Gone ﬁshing… for a salmon substitute
Salmon is set to soar in price, and might soon be off the menu. So what should we eat instead?
Who needs salmon when you can have this delicious sustainable mackerel in your sushi set?
A slump in salmon production and a surge in demand from around the world is threatening to take British Jewry’s most ubiquitous fish off our menus — or at least to make it a more expensive treat.
So what are the alternatives? The truth is that there is no other single fish with the versatility of the salmon — there are few other fish which can be smoked cold or hot, served raw, cured, poached or pan fried and which have the health benefits of omega 3.
When searching out alternatives, one also has to bear in mind that it is not only salmon which is threatened by over-fishing and high demand —fish stocks are in crisis while the world’s appetite for fish continues to grow.

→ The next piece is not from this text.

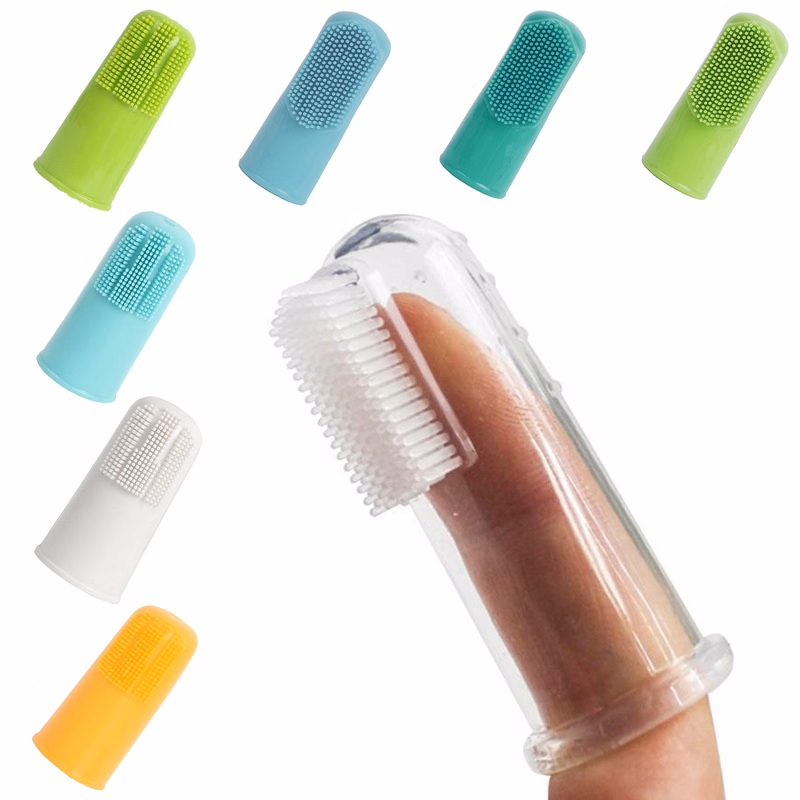 Fingertip Pet Toothbrush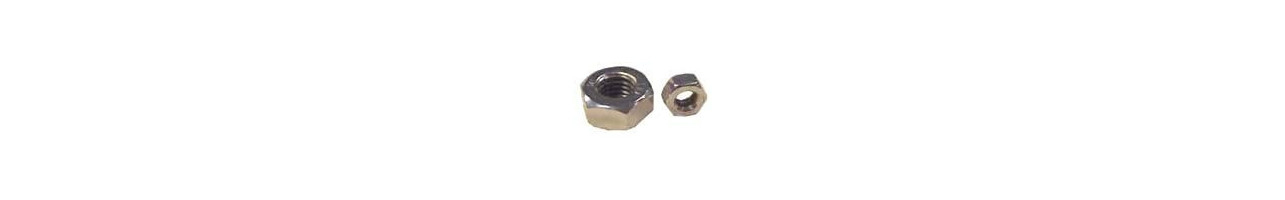 A-2 Stainless Steel Metric Nuts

For example, the bluefin and yellowfin tuna are oily fish with firm flesh, can be served in sushi, grilled, fried or slow-cooked. But this type of tuna, particularly the bluefin, has been pursued to near extinction by the huge Japanese and European fishing fleets.
There are, however, viable and affordable substitutes should salmon further rocket in price. The most obvious is trout — the flesh is pink and, in the case of the sea trout, the texture and taste are similar to that of salmon — and it can be smoked and poached in the manner of its cousin. Of course, should salmon become scarce and expensive, sea trout, being so similar, will almost certainly rise in price, so perhaps this is not the answer.

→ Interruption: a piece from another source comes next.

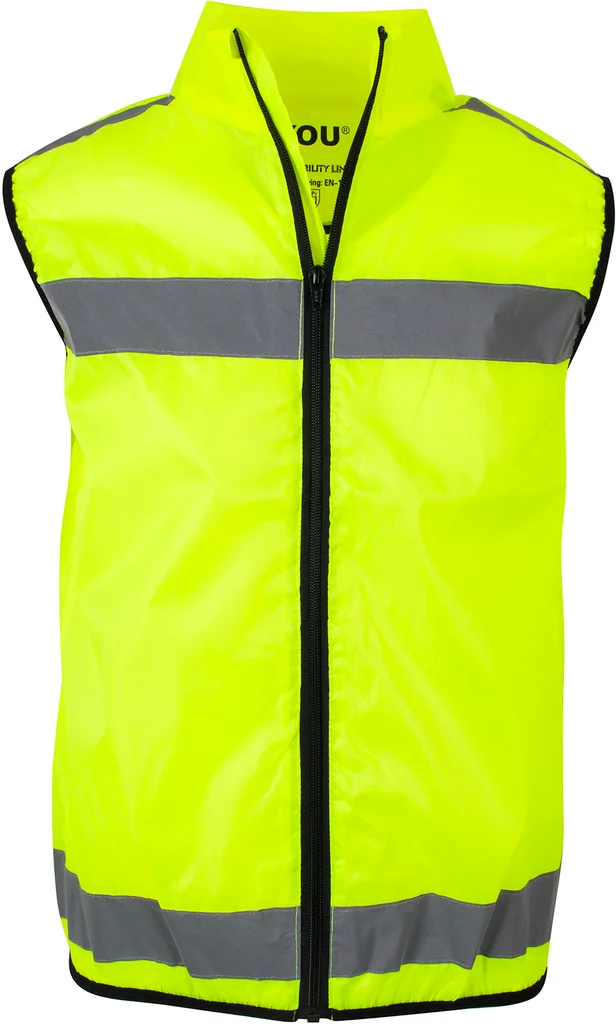 Hovedproduktbilde for Safety Gul You Kil Løpevest med Refleks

There is a fish which may be able to take advantage of the salmon vacuum to reclaim its rightful place on the Jewish plate. Herring is still relatively abundant in the Atlantic, although North Sea stocks are threatened. It is affordable and it shares the health benefits of salmon. On the downside, this fish still has something of an image problem — few would be brave enough to offer its as a main course at a wedding. However, it can be pickled , smoked, marinated and fried, and is as haimishe as a fish can be.
Likewise, mackerel is as cheap as chips, and a natural substitute for salmon. Fresh mackerel — the fresher the better — can be baked, grilled or fried. Smoked mackerel can be tarted up into a salad, or indeed a tarte and, with the addition of cream cheese, lemon juice and a food processor, can be made into a fantastic pâté in seconds.
However, salmon’s absence is likely to be most keenly felt at the simchah table. When Jewish couples decide on fish for their wedding menu, they tend to look at all the available options, then go for salmon.
Perhaps the best bet in future could be sea bass. Like salmon, it is considered a “posh” fish and also, like salmon, it is widely farmed and has become affordable. It can be baked, pan fried, grilled or poached. Sea bream does not quite have the exalted reputation of the bass but does have a rich flavour and a good firm texture — both of these fish would pass muster at an upmarket do.
Then there is the problem of sushi. In the past 15 years, sushi has taken the Jewish world by storm. The presence of a sushi chef at a wedding or barmitzvah in the ’80s would have been about as likely as that of a pork chop, but now is fairly common. However, because shellfish cannot be used in kosher sushi, it does rely rather heavily on both salmon and tuna. There are alternatives, though. Marinated mackerel is on every sushi menu and sea bass is also very common. Herring has not yet been spotted on rice … but it can only be a matter of time.